C’è una prova che supporta l’alta stima dei numeri di militanti dell’Isis fatta da Hussein. Uno studio condotto dall’Ufficio di Baghdad del Consigliere per la Sicurezza Nazionale prima dell’offensiva dell’Isis,dimostrava che, quando 100 jihadisti arrivavano in un distretto, di solito reclutavano un numero di persone 5 o 10 volte superiore al loro numero originario. Ci sono rapporti che parlano di molti giovani uomini che si sono offerti volontariamente di combattere per l’Isis quando il movimento era nel pieno del successo dell’estate. Questo entusiasmo forse è rifluito quando gli Stati Uniti hanno iniziato gli attacchi aerei e la  serie  di vittorie dell’Isis è finita con la mancata conquista di Kobane, nella Siria settentrionale, malgrado un lungo assedio.
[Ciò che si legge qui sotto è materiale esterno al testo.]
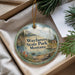 A round ornament with a scenic landscape of Wayfarers State Park, Montana, featuring mountains, pine trees, and a lake.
In una regione impoverita e con pochi posti di lavoro, anche la paga dell’Isis di 400 dollari (250 sterline) al mese è allettante. Inoltre, Hussein dice che nei luoghi che ha conquistato, l’Isis sta rimodellando la società a sua immagine, con l’obiettivo di educare le persone ad accettare la sua ideologia.

I curdi hanno recuperato la loro autostima in campo militare sapendo di essere appoggiati dagli Stati Uniti e dall’Iran. I peshmerga si sono ripresi alcune città che avevano perduto in agosto, in particolare Zumar, vicina al confine siriano, ma non Tal Afar e Sinjar, dove 8.500 Yazidi sono ancora sotto assedio in cima alla loro montagna. Ci sono però dei limiti riguardo al punto fino al quale i curdi sono disposti ad avanzare. Hussein dice che i curdi possono aiutare un esercito iracheno, supponendo che se ne crei uno non-settario, ma “i curdi non possono liberare le zone arabe sunnite.”

Questo è il grosso problema che deve affrontare una controffensiva contro l’Isis da parte di Baghdad o dei curdi: i 5 o 6 milioni di arabi sunniti in Iraq la considereranno diretta contro tutta la loro comunità. Finora gli Stati Uniti hanno sperato di ripetere il loro successo ottenuto tra il 2006 e il 2008 quando hanno messo molti sunniti contro al-Qaida in Iraq. Hussein elenca i motivi per cui ripetere questo successo sarà molto difficile: gli Americani allora avevano 150.000 soldati in Iraq per appoggiare i capi tribali contrari ad al-Qaida. L’Isis punirà selvaggiamente chiunque si opponga. “Abbiamo visto che cosa è successo ad Anbar alla tribù Albu Nimr [che era insorta contro l’Isis]. Hanno resistito coraggiosamente ai terroristi, ma 500 sono stati uccisi. E’ stato un disastro.”

Nel complesso, Hussein dice che non vede alcun segno convincente di opposizione da parte degli arabi sunniti. Molti di loro forse sono scontenti, specialmente a Mosul, ma questo non si traduce in un’opposizione efficace. Non è neanche chiaro quale forza esterna potrebbe organizzare la resistenza. L’esercito iracheno potrebbe essere accettabile nelle zone sunnite, ma solo se verrà ricostituito in modo da non essere dominato dagli sciiti.